■ What is expected ■
No pictures belong in the result; set down exactly the lines from the one containing "Programozó minta fekete pólón" through the final line of the listing, and nothing more.

### Recorded data

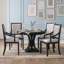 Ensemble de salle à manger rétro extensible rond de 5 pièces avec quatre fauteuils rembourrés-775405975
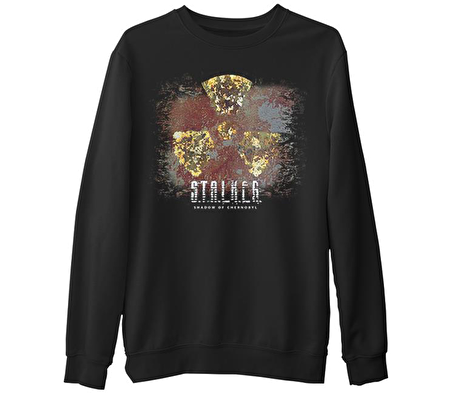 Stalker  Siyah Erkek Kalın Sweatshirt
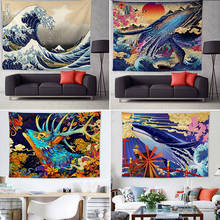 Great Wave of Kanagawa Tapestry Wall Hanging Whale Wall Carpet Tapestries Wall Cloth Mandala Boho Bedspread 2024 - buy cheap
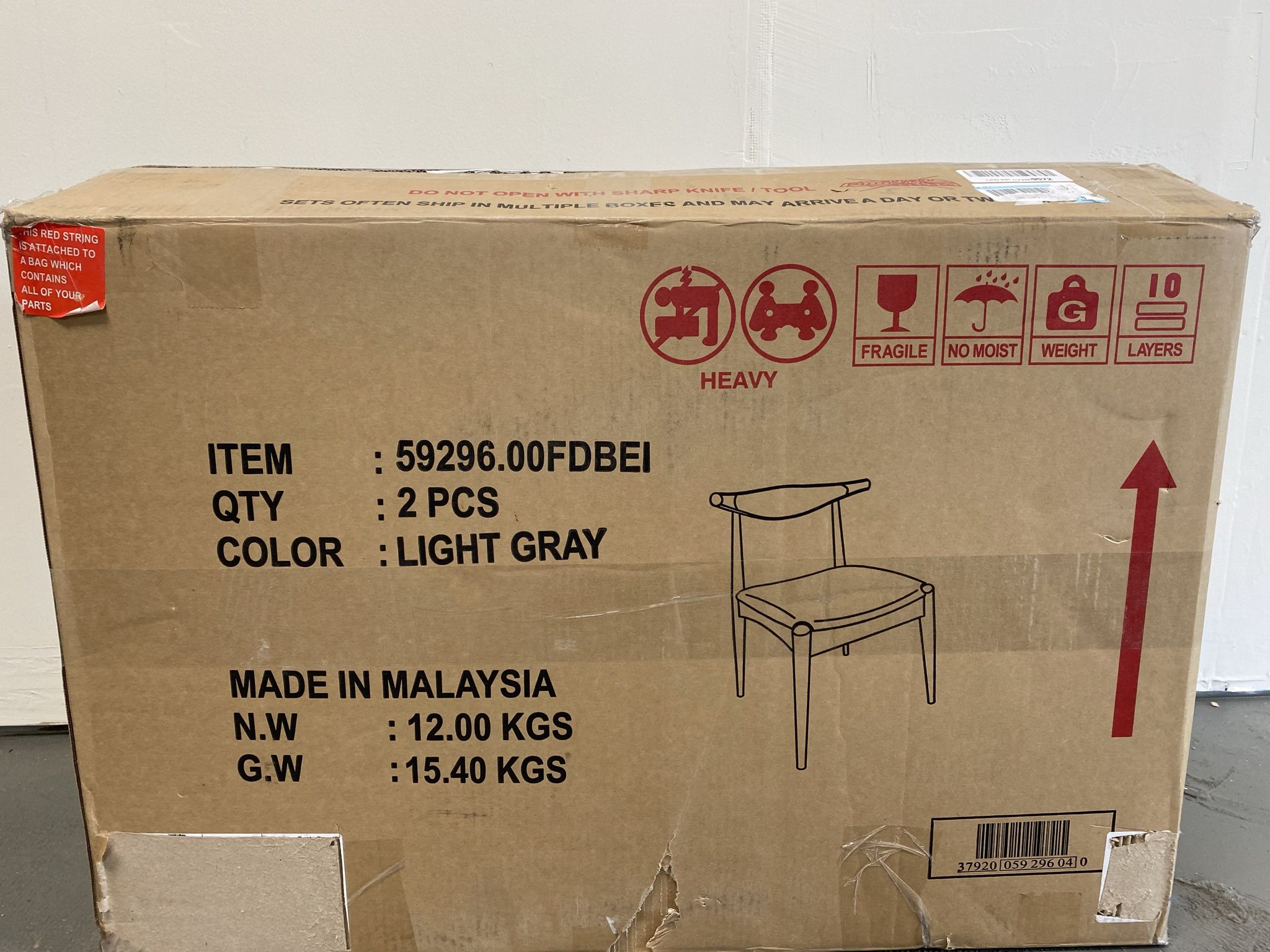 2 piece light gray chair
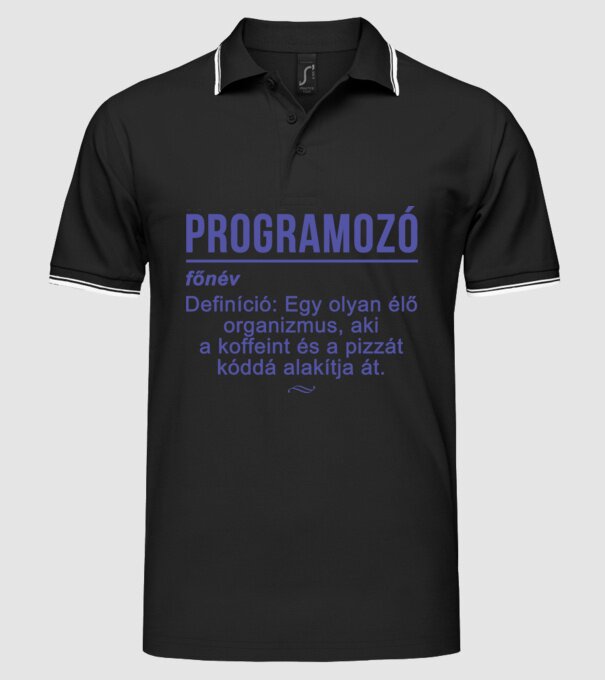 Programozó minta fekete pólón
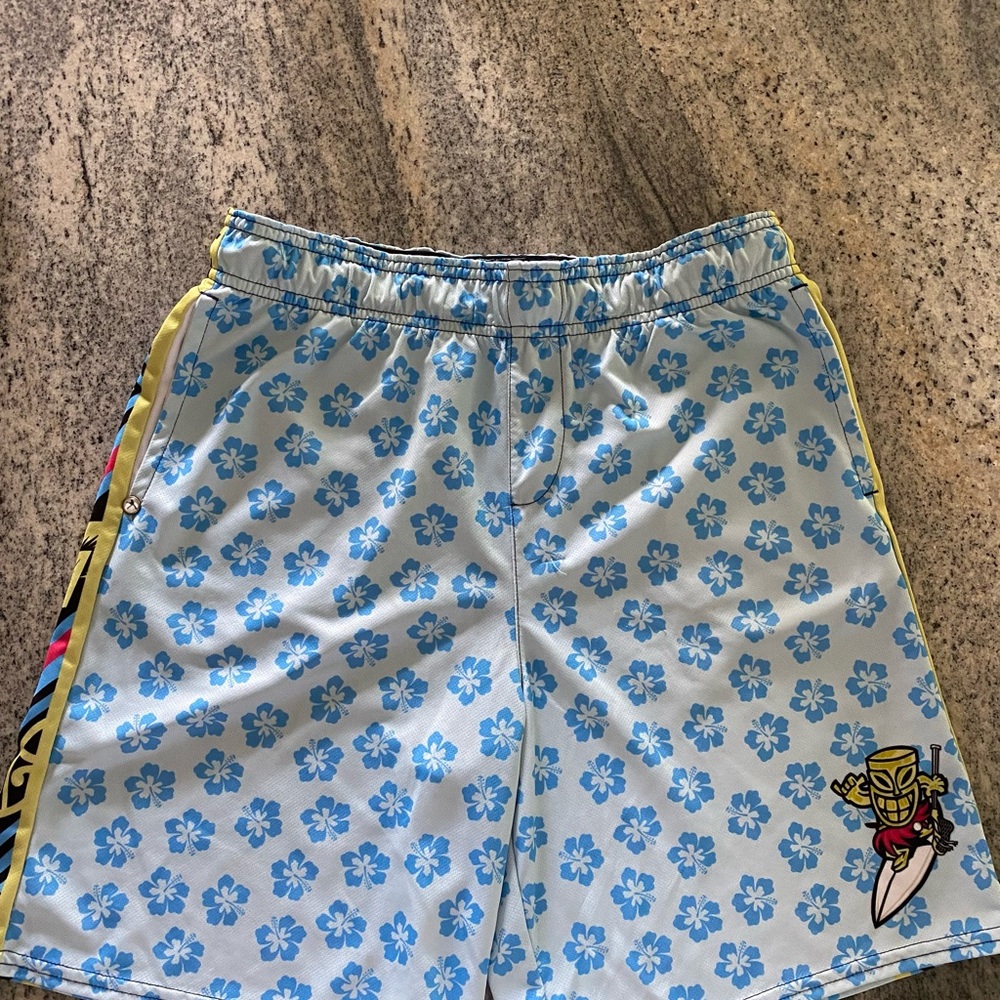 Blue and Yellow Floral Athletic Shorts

######

■ Solution for this exercise ■
 Programozó minta fekete pólón
 Blue and Yellow Floral Athletic Shorts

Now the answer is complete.